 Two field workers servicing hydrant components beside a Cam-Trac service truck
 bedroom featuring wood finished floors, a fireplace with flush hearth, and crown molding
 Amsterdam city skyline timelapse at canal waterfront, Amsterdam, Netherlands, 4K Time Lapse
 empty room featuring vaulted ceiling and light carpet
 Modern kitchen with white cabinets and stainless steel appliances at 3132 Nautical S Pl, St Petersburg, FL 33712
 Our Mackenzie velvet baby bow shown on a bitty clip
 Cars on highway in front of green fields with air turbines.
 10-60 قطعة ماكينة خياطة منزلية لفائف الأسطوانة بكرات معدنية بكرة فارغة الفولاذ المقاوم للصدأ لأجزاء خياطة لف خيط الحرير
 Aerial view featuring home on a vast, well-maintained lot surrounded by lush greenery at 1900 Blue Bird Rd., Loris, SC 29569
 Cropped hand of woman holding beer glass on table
───
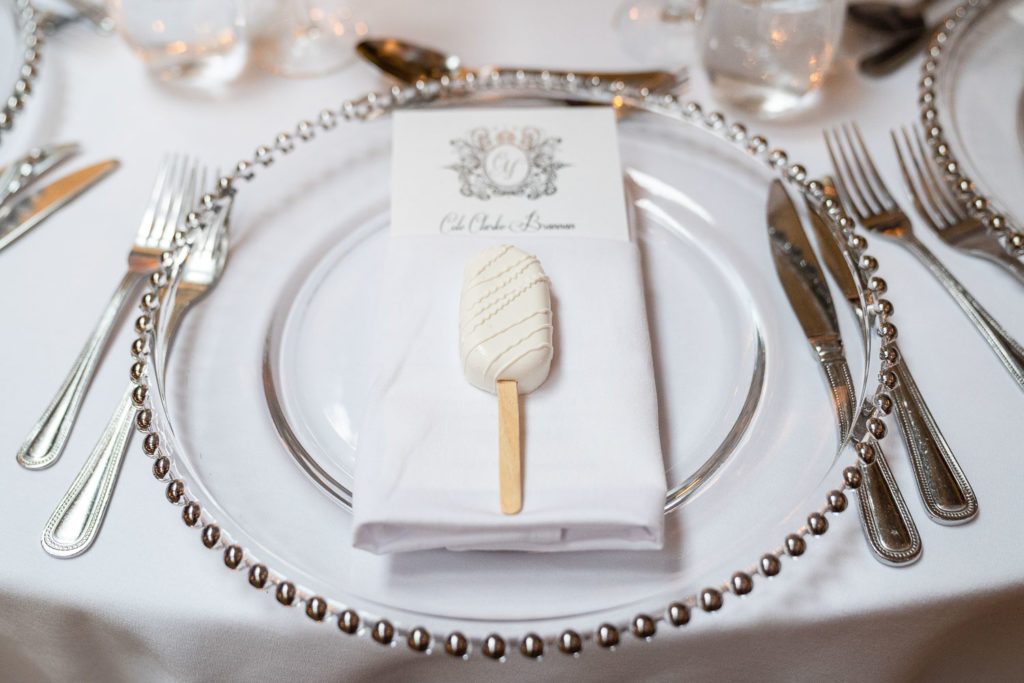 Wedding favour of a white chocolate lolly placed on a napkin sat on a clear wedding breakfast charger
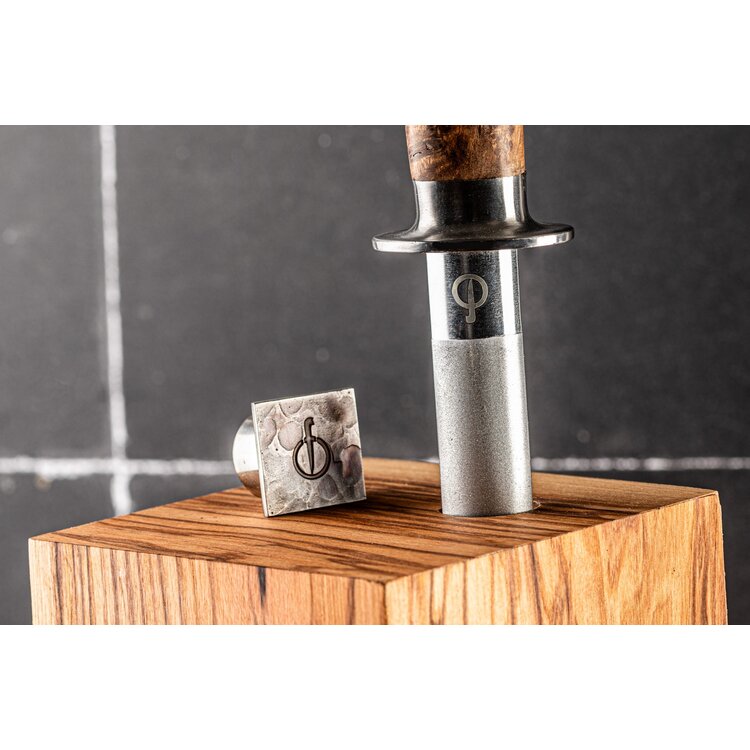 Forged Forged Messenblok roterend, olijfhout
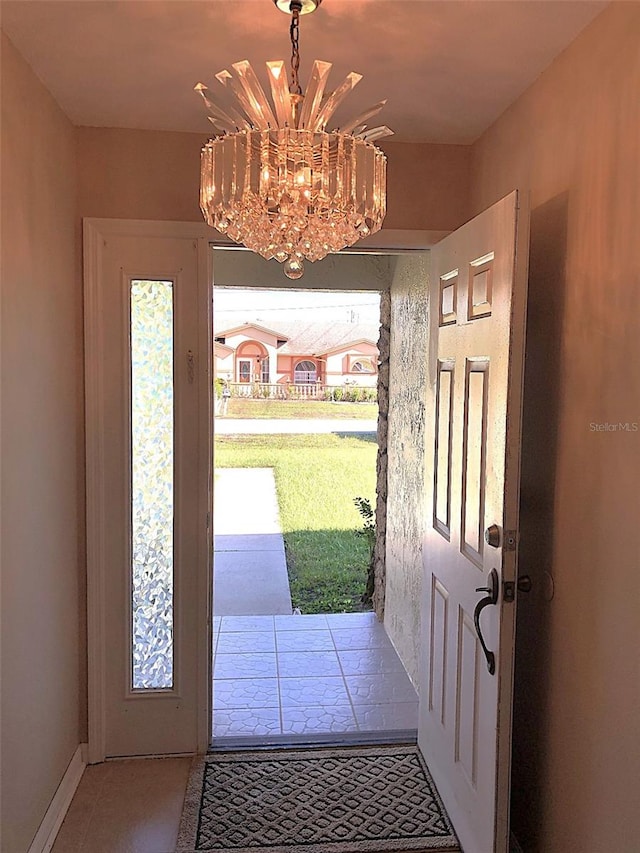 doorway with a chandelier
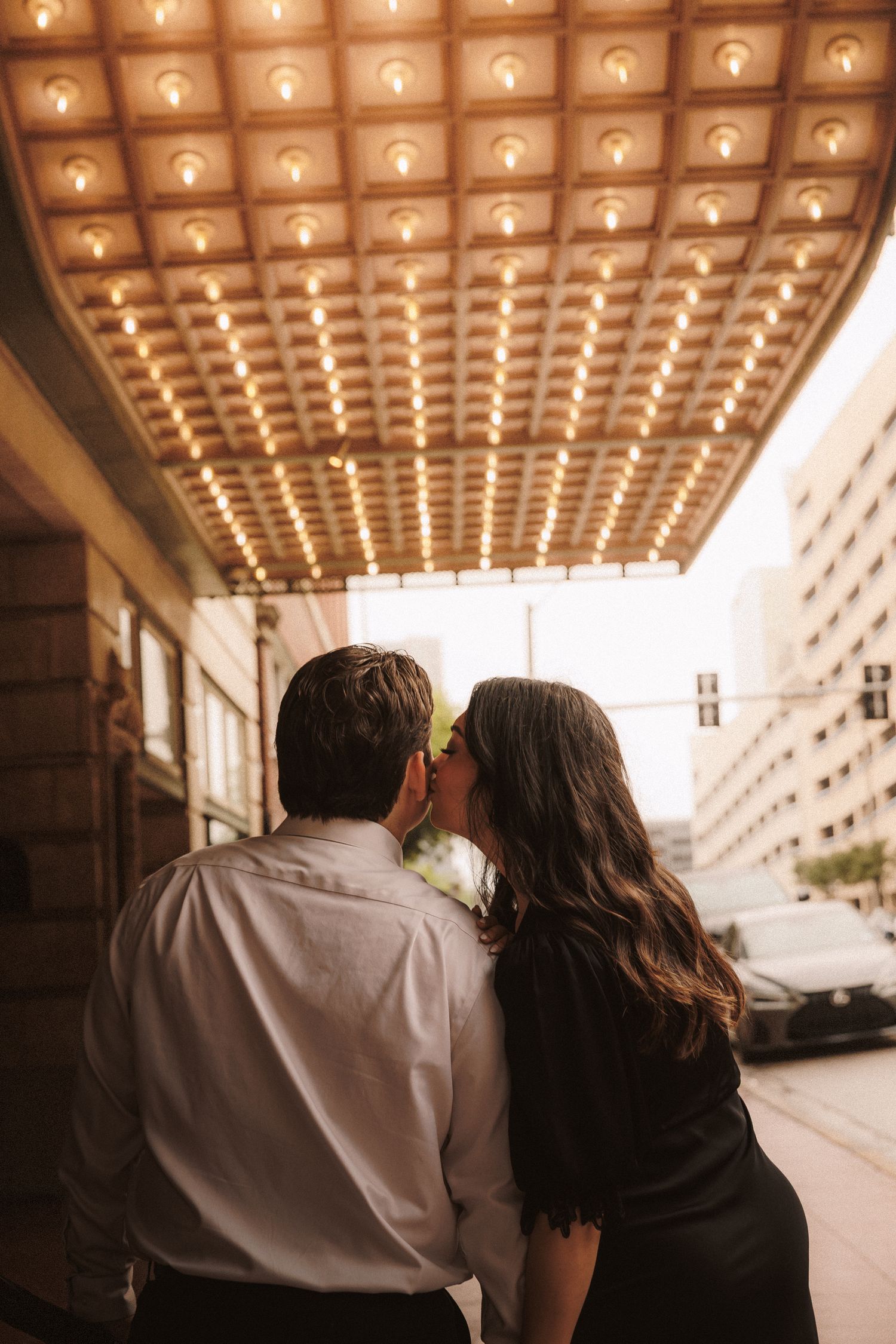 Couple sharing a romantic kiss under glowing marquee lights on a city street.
───
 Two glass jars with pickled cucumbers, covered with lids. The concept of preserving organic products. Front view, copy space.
───
YOUR ASSIGNMENT: Go back to the listing above and reproduce, exactly, the stretch from the line bearing "Wedding favour of" through the line bearing "Couple sharing a", without its pictures.

RESULT OF THIS EXERCISE:
 Wedding favour of a white chocolate lolly placed on a napkin sat on a clear wedding breakfast charger
 Forged Forged Messenblok roterend, olijfhout
 doorway with a chandelier
 Couple sharing a romantic kiss under glowing marquee lights on a city street.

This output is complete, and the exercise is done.